As part of this strategy, we must redouble our efforts to win the labour movement to a class understanding of the cost-of-profits crisis. 

Through all of this, we must galvanise resistance and the strike surge into a movement for trade union freedom to defeat Tory anti-strike laws and win the repeal of all anti-union legislation.

In addition to the battles for wages themselves, the fight for other real measures to help working people battle spiralling costs for food, energy and essentials remain paramount — and trade unions must place themselves at the centre of this struggle.

Tenants’ unions, which have seen an encouraging resurgence in recent years, must be supported and expanded, uniting tenants against landlordism and in community struggles.

The student movement, for so many decades a source of radical politics and strength, must be rebuilt from the ground up with a class conscious and socialist outlook. 

The left and the labour movement must articulate an alternative economic strategy more directly, convincingly and forcefully in all spheres.

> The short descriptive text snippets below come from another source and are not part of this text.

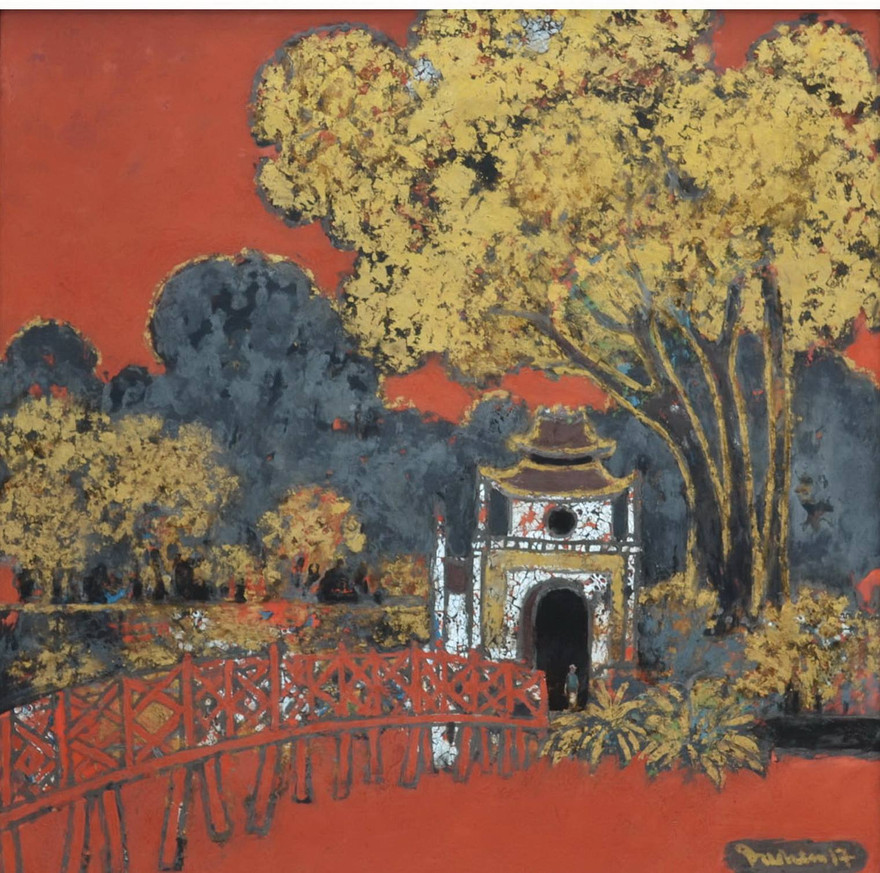 Tác phẩm "Đền Ngọc Sơn" của họa sỹ Dương Sen.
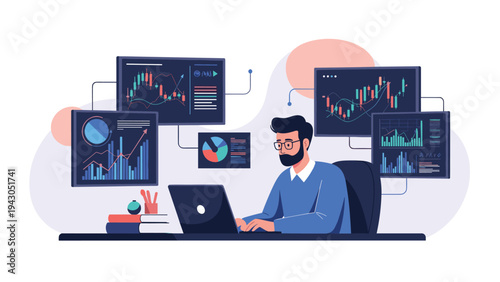 Professional male trader sitting at a desk with multiple monitors displaying various financial analytics and stock market trend graphs.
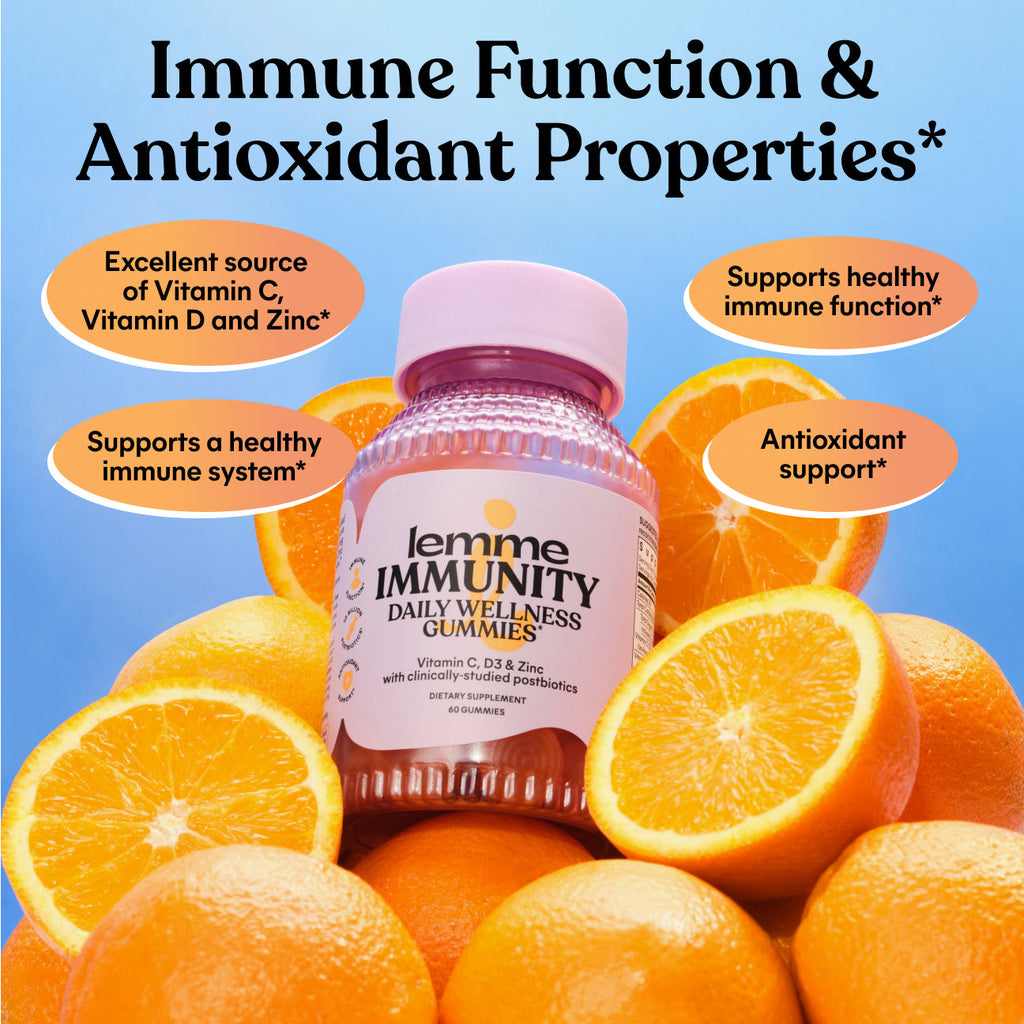 lemme immunity bottle set up on a pile of oranges with text about healthy immune system
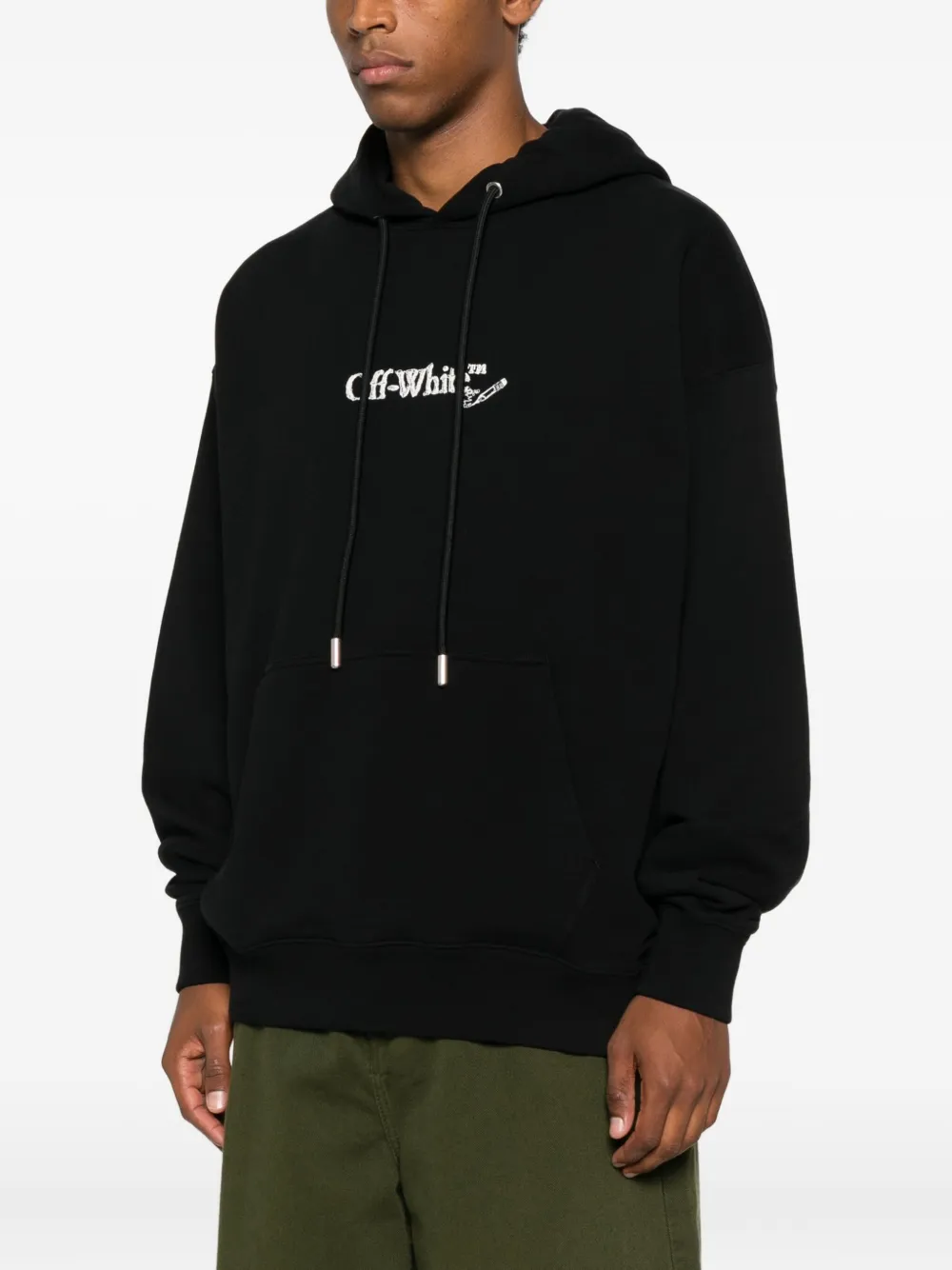 Off-white Back And Front Logo-embroidered Hoodie Clothing In Black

The current industrial battles and resistance to the Tory government can and must be the springboard for a fight to remove the Tories from power and win a progressive government that can roll back attacks on working people and the labour movement.

We cannot allow the prospect of a right-wing Starmer Labour government to placate social democratic elements in the labour movement to undermine rising militancy. We must continue to attack the right-wing character of the current Labour leadership.

Internationally, we must redouble our efforts in the struggle for peace, international solidarity and disengagement from Nato efforts to protract the war in Ukraine and to combat the growing new cold war against China. 

We must rebuild a class conscious, anti-imperialist and genuinely mass peace movement that can move millions, which we have seen as recently as the Iraq war.

But as communists, as well as fighting for the immediate interests of the class, in the moment of the present, we must also represent and look to the future.

All of these developments and all of these struggles decisively demonstrate the essential need for a stronger and more vigorous Communist Party and YCL. 

History tells us that a strong communist movement is essential if we are to free our class from the endless wheel of reformism, break the capitalist system and win working-class state power. 

Strengthening, rebuilding and reinvigorating Britain’s Communist Party and YCL on every front are therefore among our chief tasks and will be of the greatest service to Britain’s working-class and labour movement. 

These then are the tasks that fall to the comrades meeting for our congress this weekend and this is the importance of our congress. 

These are difficult tasks to be sure but these are tasks which we will meet with a determination and a will to win that is greater still. 

Good luck to the comrades and delegates of the 51st congress.

Let’s move forward together comrades, to blaze the next chapter — for peace, democracy and socialism in our lifetimes.

Long live the Communist Party and the Young Communist League!